The post trade service provider DTCC currently requires participants in its affiliated networks to post USD $22 billion in deposits to backstop payment flows. Would blockchain eliminate the need for such performance balances? How would these payment flows move in a blockchain environment? We do not as yet have answers to these questions. However, DTCC, to its credit, has challenged the financial industry to adopt the blockchain technology. In a white paper, DTCC observed that although blockchain technology has potential and presents “a generational opportunity to reimagine the financial industry infrastructure,” it is still “immature, unproven, has inherent scale limitations in its current form and lacks underlying infrastructure to cleanly integrate it into the existing financial market environment.”  

KBRA has heard similar views expressed by a number of operations professionals who we contacted in the preparation of this report. All of the time and energy being expended by FIs to “leverage” the concept seems to be defensive in nature since, as yet, there seems no way to include FIs in the blockchain template. Or as Wired Magazine opined: “There’s no guarantee that the DTCC will take the blockchain idea to its logical extreme. After all, a truly distributed blockchain-based stock settlement system could eliminate the need for DTCC."  

Conclusion

While a number of FIs and investors believe that blockchain will evolve into a more efficient medium for transferring value or ownership of assets, in fact the elegance and simplicity of blockchain as illustrated in the bitcoin experience may also be the most daunting obstacle to broader adoption. Like a face-to-face cash transaction between two people, the bitcoin system functions because the payment mechanism and the means of exchange are transparent and trusted, even if the participants are opaque. The cryptographic system behind blockchain has functioned reasonably well in terms of protecting the integrity of transactions from theft and fraud, but the lack of a sovereign sponsor behind the system probably dooms such distributed schemes to a secondary role in the marketplace.  

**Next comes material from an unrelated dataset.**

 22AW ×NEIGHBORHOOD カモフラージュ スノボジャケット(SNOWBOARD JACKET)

Trust and credibility are ultimately the most important indicia of a currency’s acceptance, two qualities traditionally associated with government-sponsored, collective currency schemes. With the creation of the Fed a century ago, the U.S. transitioned from a largely private payments system to a government-sponsored scheme, in part because the economic stresses, periodic market panics and related political pressures of that era drove Congress to embrace a centralized and collective system. Even the House of Morgan could not withstand the financial demands of the currency markets in the years before WWI.

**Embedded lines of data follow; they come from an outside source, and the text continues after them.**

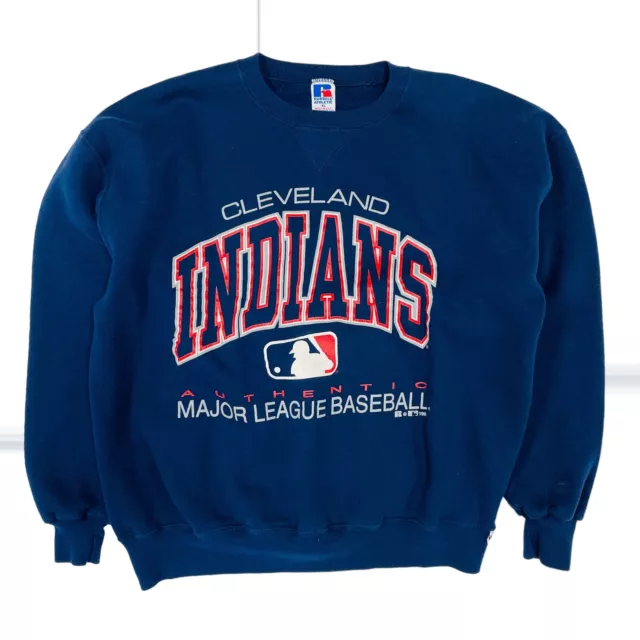 Vintage  90s Cleveland Indians MLB Sweatshirt - XL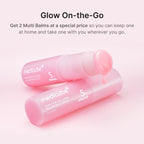 Medicube [NEW] PDRN Pink Collagen Volume Multi Balm | All In One Volufiline, PDRN, NAD Stick for Youthful-Looking, Helping Look of Fine Lines, Firming Care, Anti-Aging Care | For Under-Eyes, Neck, Forehead, Smile Lines, Lip Care | Korean Skincare
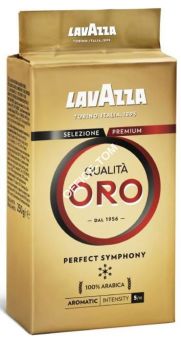 Kawa LAVAZZA QUALITA ORO 250G mielona CMP0666
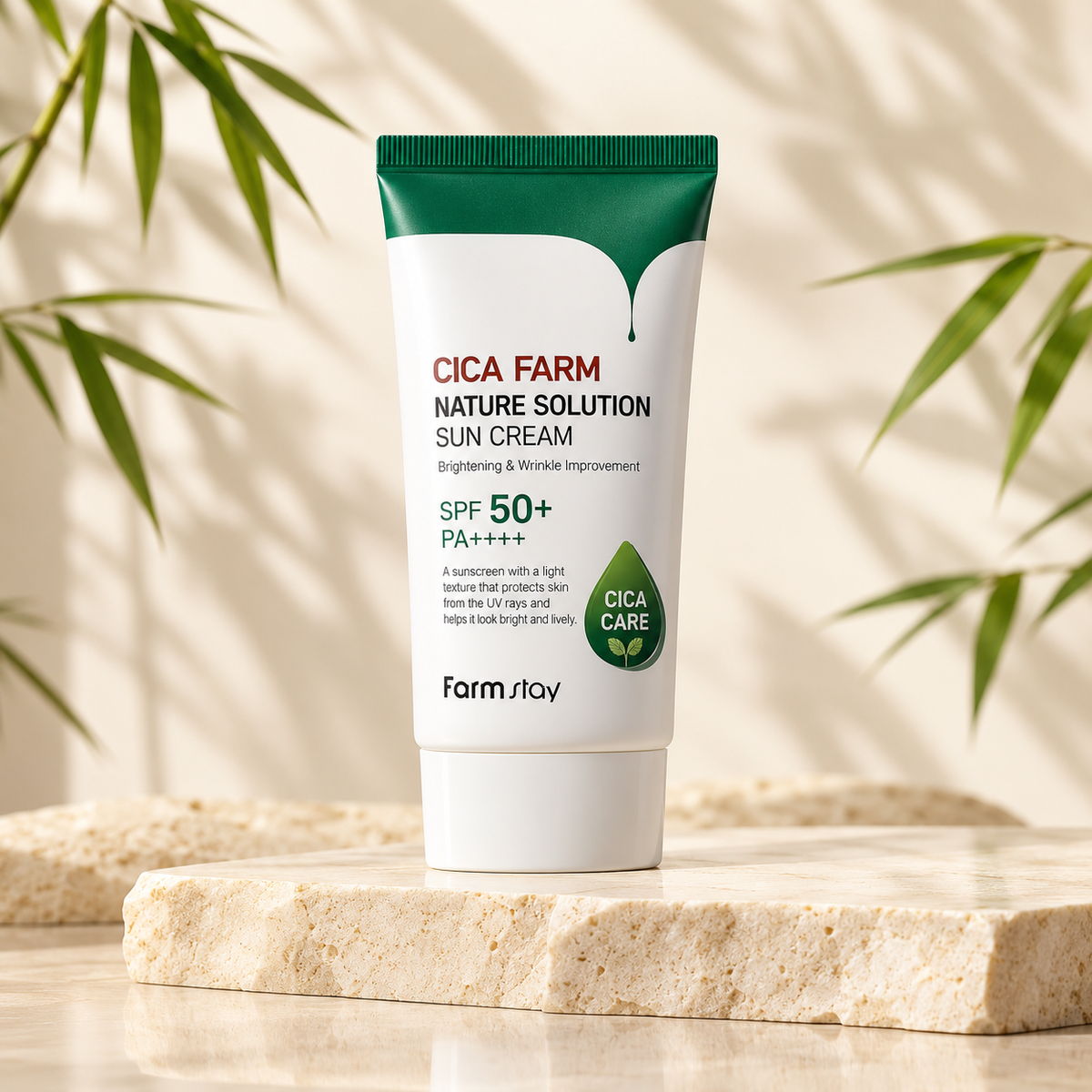 FarmStay Cica Farm Nature Solution Sun Cream 50 g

It may be that the blockchain could have utility, for example, in enabling complex financial transactions for a limited number of participants, but KBRA does not believe based upon what we see today that the blockchain is likely to supplant existing centralized payments and/or settlements systems any time soon. Ultimately the blockchain was created to replicate an exchange of cash between two individuals, not to enable global payments or securities transactions. And as noted above, the operational design of the peer-to-peer blockchain template makes no allowance for banks, other FIs or the DTCC.

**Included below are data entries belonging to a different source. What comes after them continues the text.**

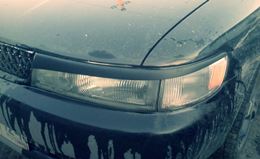 Реснички на фары для Toyota Chaser GX90 1992-1996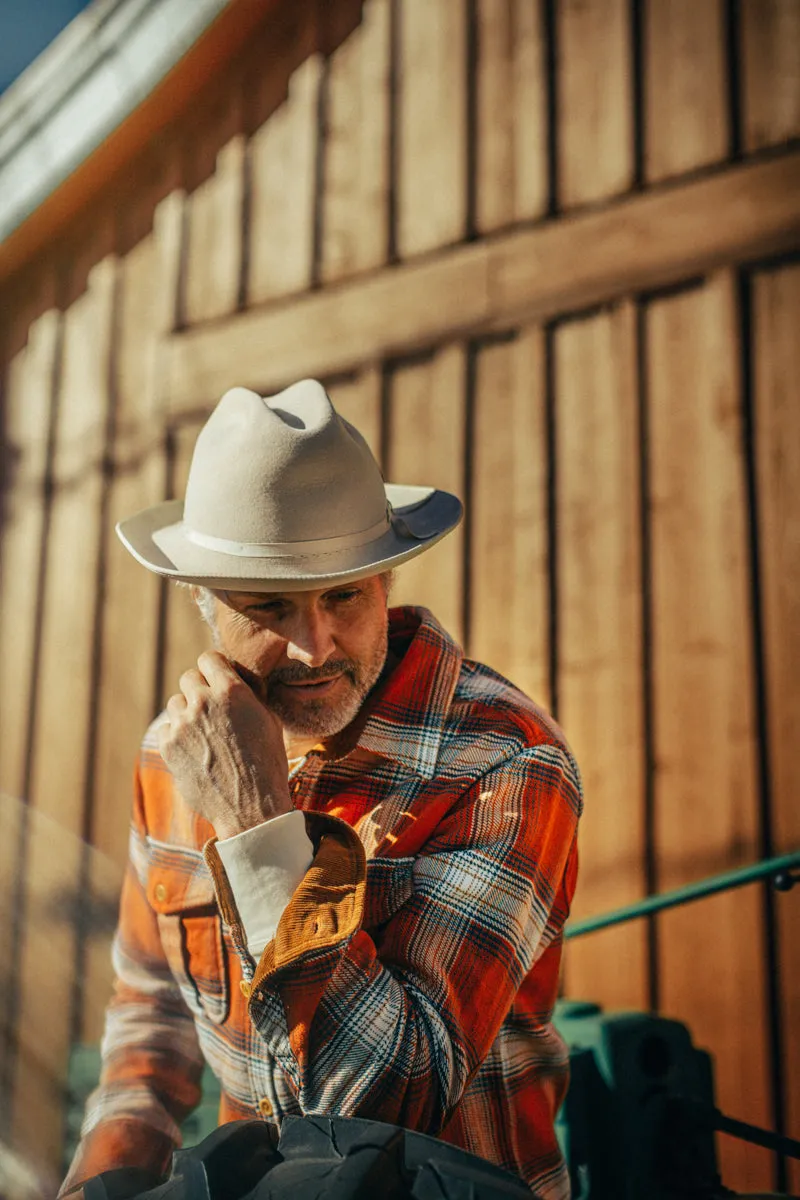 &SONS Eiger Mountain Shirt Rust Check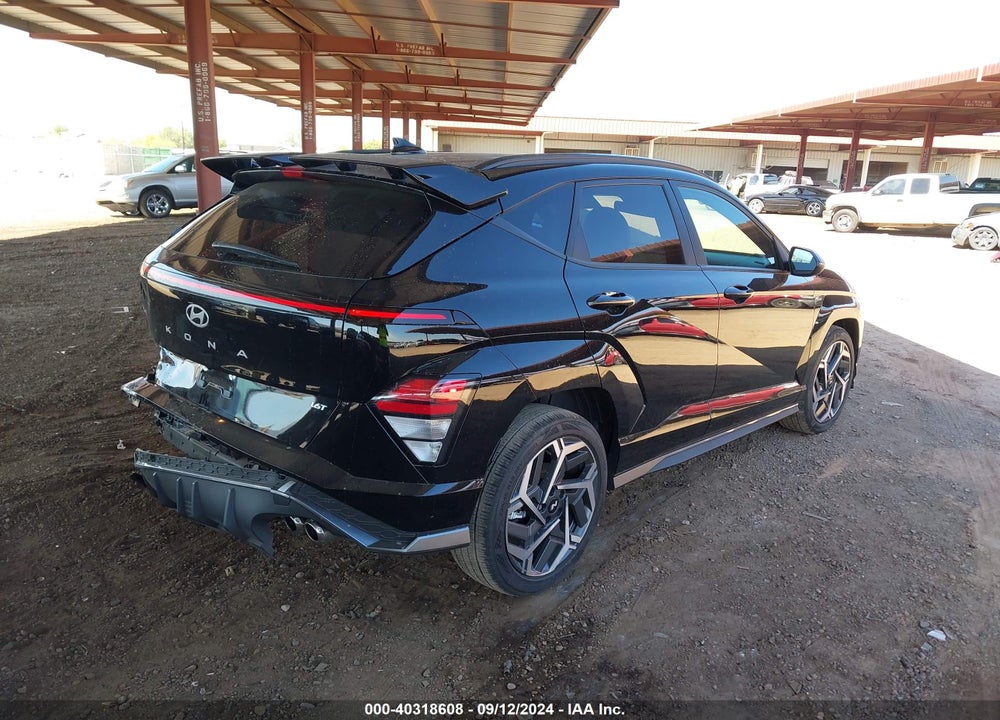 2024 HYUNDAI KONA N LINE VIN: KM8HA3A32RU025543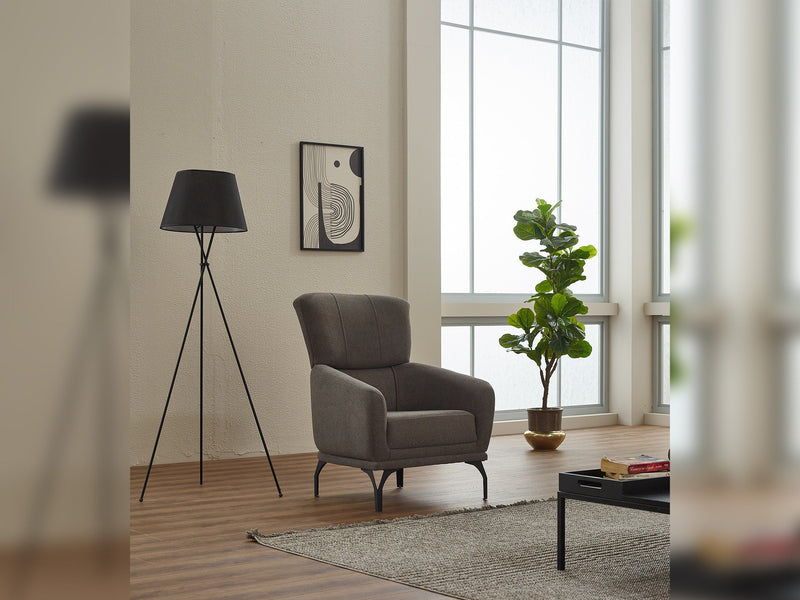 Gamba Convertible Loveseat in Grey - 200-SIM-GAM-GIRNE10-2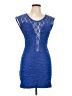 Topia Blue Cocktail Dress Size L - photo 1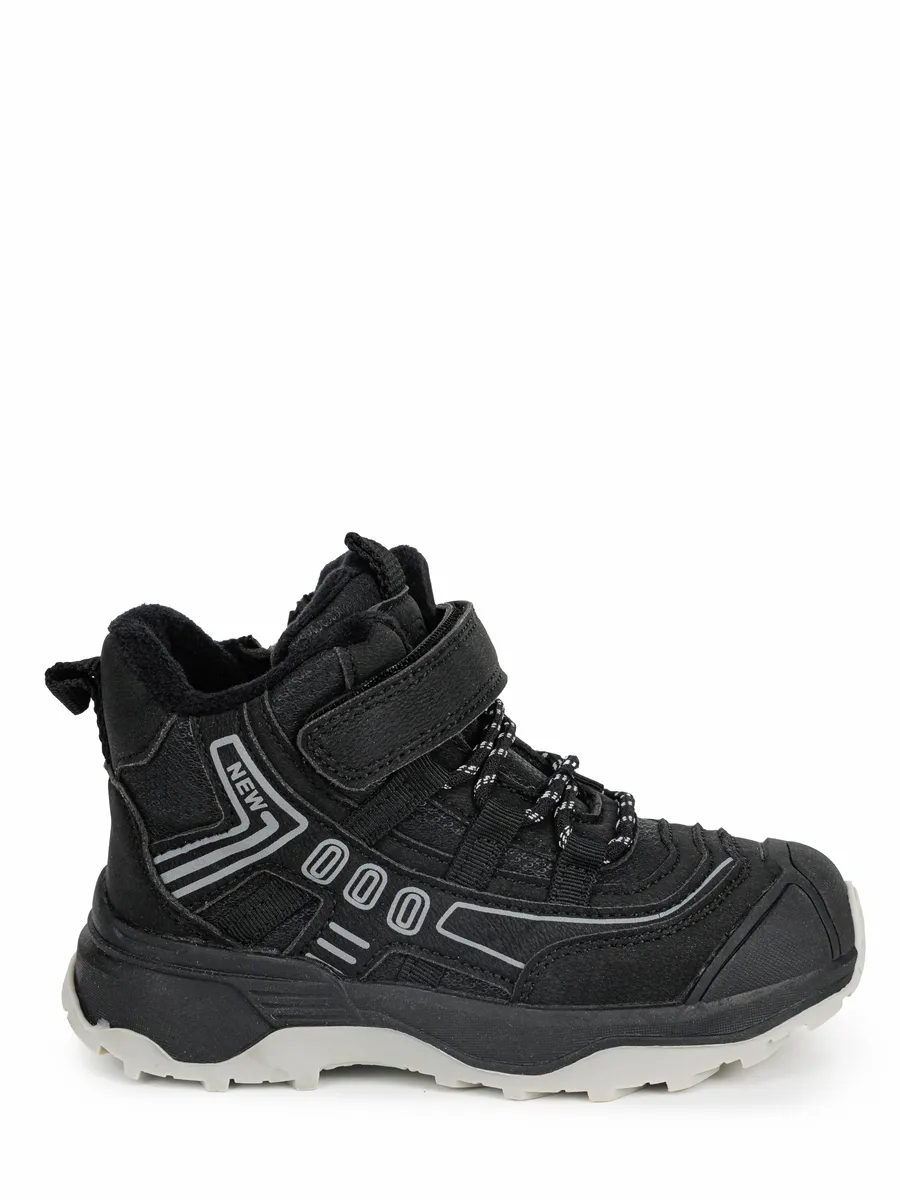 Ботинки KDX MU-83 black - фото 3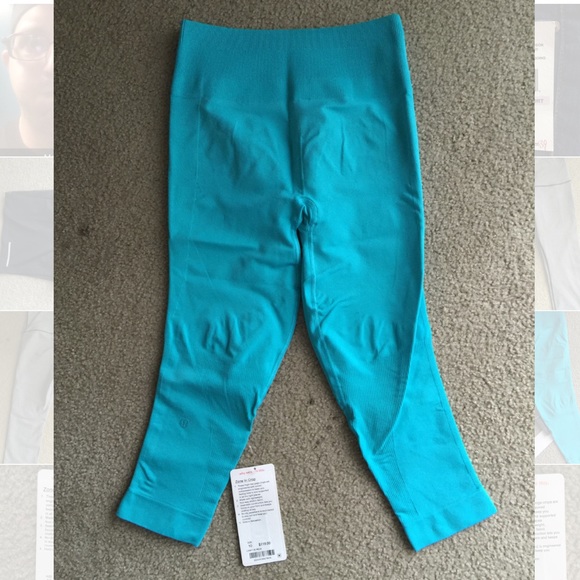 Lululemon Zone In Crop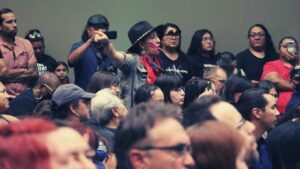 native american protestors challenge oklahoma governor policy
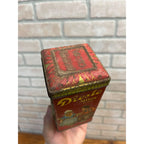 Vintage Droste’s Cocoa Tin Cocoa Box Haarlem Holland Advertising Kitchen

“Nakamoto introduced the bitcoin blockchain as a solution to a specific engineering problem: to move money online in the same way cash is transacted in person without a trusted third party,” writes Saifedean Ammous of the Lebanese American University. “The blockchain was the solution to the electronic cash problem… It did not need investment, venture capital, conferences, or advertisement…. There are many simple technologies banks need to optimize and to improve to enhance their products. Instead, they are seduced by the siren song of futuristic buzzwords and searching for a problem to solve with a blockchain. But they won't find anything.”